NEW YORK -- When the London Spitfire stepped foot on the Barclays Center stage to play in the inaugural Overwatch grand final versus the Philadelphia Fusion, the team was booed.
A strong Philly contingent had gathered in Brooklyn for the final, outnumbering supporters of the favored British Spitfire, owned by an organization based out of Los Angeles with an all-South Korean lineup. The crowd instead went for the pesky underdogs from Philadelphia, whose run to the final was marked with suspensions, close calls, and a melting pot of a roster that featured players from France to South Korea to Israel.
As the Spitfire exited the stage, though, after defeating the Fusion in back-to-back days to take the championship in a dominant sweep, all the fans could do was cheer for the new king of Overwatch, led by finals MVP Kim "Profit" Jun-hyung, who dropped jaws all weekend with his multitude of flashy, highlight-reel-worthy outplays. The Fusion, as scrappy as they come with the potential to reach some of the highest highs seen in Overwatch if the team could get rolling, never got off the ground in New York, taking their first and only map of the final in the opener on Friday before losing six straight to bow out as league runners-up.
The story of London on the surface seems simple: a star-studded team expected to be here at the beginning of the season. But it was far more complicated. As a combination of the two top South Korean teams -- pre-Overwatch League GC Busan and C9 Kongdoo Panthera -- the bloated roster of high-end talent was whittled down as the season went along, with players too good for the bench being shipped out to alleviate the pressure of needing to figure out how to fit too many pieces into the puzzle.
By the time the playoffs rolled around, London was sleek, sporting only seven players with three supports to mix things up if needed. The DPS and tank lines were entrusted, win or lose, and that was never better tested than when the Spitfire fell down early to the Los Angeles Gladiators in the first-round quarterfinal series, getting swept and on the brink of elimination.

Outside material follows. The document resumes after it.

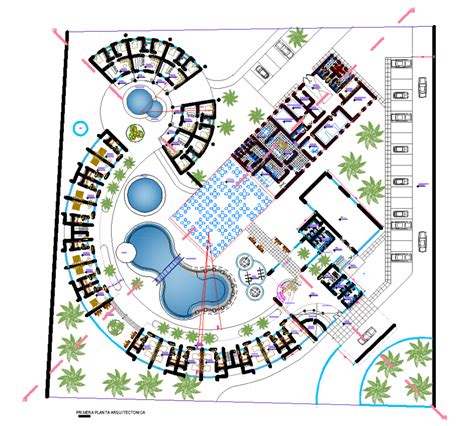 Resort Floor Plan Dwg - floorplans.click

Realizing its season might be coming to a close, the Spitfire opted to play with a carefree attitude for the rest of the playoffs, relishing in the fact no one would shed a tear over its displacement from the tournament against the hometown Gladiators. Freed from the expectations of being a "super team," the Spitfire got its wheels off the ground and never stopped soaring en route to a championship, coming back to sweep the Gladiators in back-to-back matches before dispatching the other Los Angeles franchise, the Valiant, in the semifinals -- also in front of a Los Angeles crowd at Blizzard Arena.
Being booed had become secondary for the Spitfire. Walking onto the stage in Brooklyn, playing up to the crowd with taunts and showing off its expensive streetwear, this was a team that knew its identity and how good it was compared to opponents. Cheers or not, this was London's final, and no one could say differently.
"I didn't think it would be this easy," said flex-support Choi "Bdosin" Seung-tae at the postgame media conference. "Next year I hope we play against a stronger team."
In a city that is all about working your way from the bottom to the top, London embraced that same philosophy throughout the playoffs. After going 4-6 in the final stage and resembling an already half-dead club by the time the playoffs rolled around, the team rediscovered its swagger just in time to put on a memorable showcase at the first-ever Overwatch League grand final.
Now, seated at the head of the table with more expansion teams entering the fray in 2019, the narrative shifts once more. Every single team, expansion or not, will have its eyes on the crown, which now lays atop of the Spitfire's head.
"Next year I want to become stronger," said London's DPS standout Kim "Birdring" Ji-hyeok. "I also want to face a stronger team in the finals."
For London, the team wearing specialized championship jackets and a lineup of designer shoes, that suits them just fine.